We require all employees to comply with UOB’s Group Anti-Money Laundering, Countering the Financing of Terrorism and Sanctions Policy and applicable laws.
We review regularly our framework, policies, procedures, programmes and transaction monitoring systems to ensure their robustness and compliance with regulatory requirements. A dedicated senior management committee has governance oversight of the Group’s AML/CFT- and sanction-related matters. The framework and the associated programmes are also audited by our internal and external auditors.
We also constantly enhance our AML/CFT- and sanctions-related systems and capabilities for the prevention and detection of such risks by harnessing technologies such as machine learning and data analytics.

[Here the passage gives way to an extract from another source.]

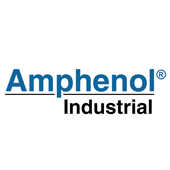 Amphenol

In addition, we run regular training sessions on AML/CFT and sanctions risk management to help our colleagues across business and support units and our international network be more aware of and understand potential issues on the subject.
Prohibiting Insider Trading
All UOB employees are expected to act honestly and with integrity, including with regard to the information that they obtain in the course of their work. All are required to adhere to the UOB Group Policy on Personal Trading in Securities, which governs the prohibition of insider trading and sets the framework for the management of insider trading risks. They are also required to complete annually an online learning module on insider trading and market misconduct.
We also have in place a pre-trade clearance system that requires employees, who may reasonably be expected to have access to inside information, to make declarations and to seek approval before executing their trades on the stock exchanges. In addition, Group Compliance regularly reviews securities transactions to detect potential violations.
We adopt a zero-tolerance approach to bribery and corruption and our employees are expected to conduct their business activities in full compliance with applicable laws and regulations.
The UOB Code of Conduct, which sets the requirement for all employees to uphold the highest professional and ethical standards, includes our policies relating to anti-bribery such as facilitation payments, restrictions on gifts and entertainment expenses, and conflicts of interest. Our anti-corruption policy also applies to those who represent us, including contract employees and vendors.
New employees are required to complete an online learning module and assessment on the UOB Code of Conduct and the UK Bribery Act 2010. Subsequently, all employees are required to complete a refresher course on both topics every year.
In addition, our whistle-blowing procedures ensure that employees can report any concerns in a private, confidential and secure manner.
Foreign Account Tax Compliance Act (FATCA)
Under the provisions of United States’ (US) tax law, FATCA, non-US financial institutions are required to identify and to report information on assets held by US persons and other non-cooperative entities and individuals to the US Internal Revenue Service. Many countries, including Singapore, have entered into intergovernmental agreements with the US to facilitate the reporting required under FATCA.
We are committed to complying with the provisions of FATCA and to ensuring that the Group meets all applicable FATCA requirements in all the jurisdictions in which we operate. Our governance framework also ensures that the Group continues to comply with FATCA requirements on a business-as-usual basis.
Common Reporting Standard (CRS)
The CRS is a global tax information exchange standard developed by the OECD to prevent offshore tax evasion. The CRS requires financial institutions in participating jurisdictions to identify, to collect and to report to the authorities annually the tax residency information of customers from jurisdictions with which agreements to exchange information are in place.
Our CRS operationalisation programme ensures the Group meets all applicable CRS requirements in all the participating jurisdictions in which we operate.